The contents are if /sbin/insmod -f /lib/modules/ax88796.o macaddr=69C667 timing=3 ;  then
/sbin/ifconfig eth0 192.168.1.70 netmask 255.255.255.0 up
/sbin/route.tivo add default gw 192.168.1.1
fi

Regardless of the fact that your ISP says there is no proxy, have you tried the transparent proxy fix?

Yes I have tried this

Have you backgrounded everything in rc.sysinit.author with '&' at the end of the line?

Yes, no effect

The error generated is:

Failed. Service unavailable


----------



## kathekas (Jul 8, 2004)

I have downloaded in the UK both by phone and NTL

In Cyprus I have downloaded by Satellite Broadband.


----------



## ciper (Nov 4, 2004)

I was getting this *EXACT* error just about 2 weeks ago! That is why I asked! My tivo had been working for almost a year at my current residence/network setup and nothing I could do would fix it.










I finally did a clear and delete everything which seemed to temporarily fix it and then it happened again. A few hours later I tried another test call and it worked. I never was sure what the problem was but I think it was on Tivo's end. Your post (two tivos breaking at once) seem to confirm this assumption.
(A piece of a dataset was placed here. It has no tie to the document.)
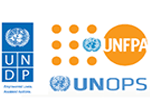 undp.png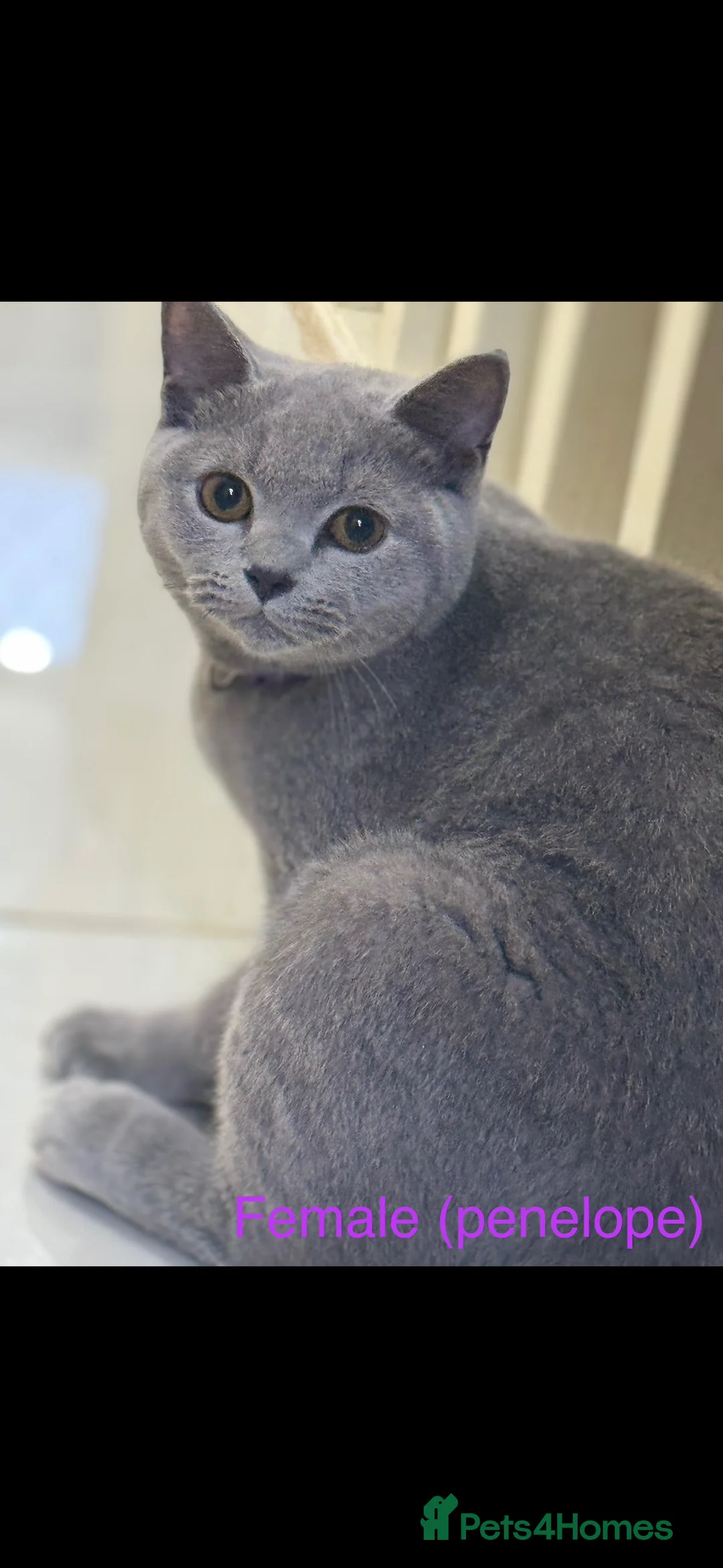British Shorthair cats for sale: British shorthair Female  in Preston - Advert 3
edit: Look here http://www.silicondust.com/forum/viewtopic.php?p=23091&#23091 BTW I am in the states but use a cachecard to download guide data.


----------



## blindlemon (May 12, 2002)

What's in your tclient log?


----------



## kathekas (Jul 8, 2004)

Please can you tell me how to get into the tclient log?


----------



## ciper (Nov 4, 2004)

Its located in /var/log/
Do you have FTP access to the tivo?


----------



## Pugwash (May 23, 2003)

"Failed: Service Unavailable" is not what I got when my network card blew.

A connection error was more like "Connection Failed" or "Number Unavailable".

Is it a UK machine BTW? Your background image on the phone setup screen is unusual.


----------



## ciper (Nov 4, 2004)

I'm not the original poster. My machine is an original Sony Tivo from the US. I posted because I had the exact same issue that seemed to be unaffected by anything I would try.


----------



## kathekas (Jul 8, 2004)

This is the TClient files Thanks

08/09:05:20:30: /tvbin/TClient: inside TClient
08/09:05:20:31: /tvbin/TClient: No previously downloaded files remain in /var/
08/09:05:20:31: /tvbin/TClient: TClient: invoking init w/argv=-h -backup
08/09:05:20:31: /tvbin/TClient: writing In Progress to LastCallStatus
08/09:05:20:31: /tvbin/TClient: TClient init: 0
08/09:05:20:31: /tvbin/TClient: dial config code: () found
08/09:05:20:31: /tvbin/TClient: no line matches code =
08/09:05:20:31: /tvbin/TClient: Using default TiVo Service params
08/09:05:20:31: /tvbin/TClient: updateStatus: In Progress EX| 29 48
08/09:05:20:31: /tvbin/TClient: writing In Progress to LastCallStatus
08/09:05:20:31: /tvbin/TClient: SendDialupEvent 30 9 EX|29
08/09:05:20:31: /tvbin/TClient: Host = 204.176.49.3
08/09:05:20:31: /tvbin/TClient: Port = 80
08/09:05:20:31: /tvbin/TClient: Phone = 08081050005
08/09:05:20:31: /tvbin/TClient: updateStatus: In Progress EX| 29 8
08/09:05:20:31: /tvbin/TClient: SendDialupEvent 30 9 EX|29
08/09:05:20:32: /tvbin/TClient: DataSets may not be enabled, could not find Sh
retrying after errTmBackgroundHoldoff ...
retrying after errTmBackgroundHoldoff ...
retrying after errTmBackgroundHoldoff ...
08/09:05:20:41: /tvbin/TClient: mrsigtype=3 mrconnector=7...
08/09:05:20:41: /tvbin/TClient: mrsigtype=1 mrconnector=1...
08/09:05:20:43: /tvbin/TClient: Using error search string: (F|f)ata[l]|(D|d)ie


----------



## ciper (Nov 4, 2004)

Not sure how helpful this will be but "errTmBackgroundHoldoff" means some data was locked by another program and it couldn't be accessed.


----------



## Mark Ward (Sep 14, 2003)

kathekas said:


> Have you run nic_config_tivo to check that the machines are set to "network"?
> 
> Yes this is definately set to network
> 
> ...


I've spent the last 2 days in Cyprus struggling with this too. I go home tomorrow so any quick help would be appreciated.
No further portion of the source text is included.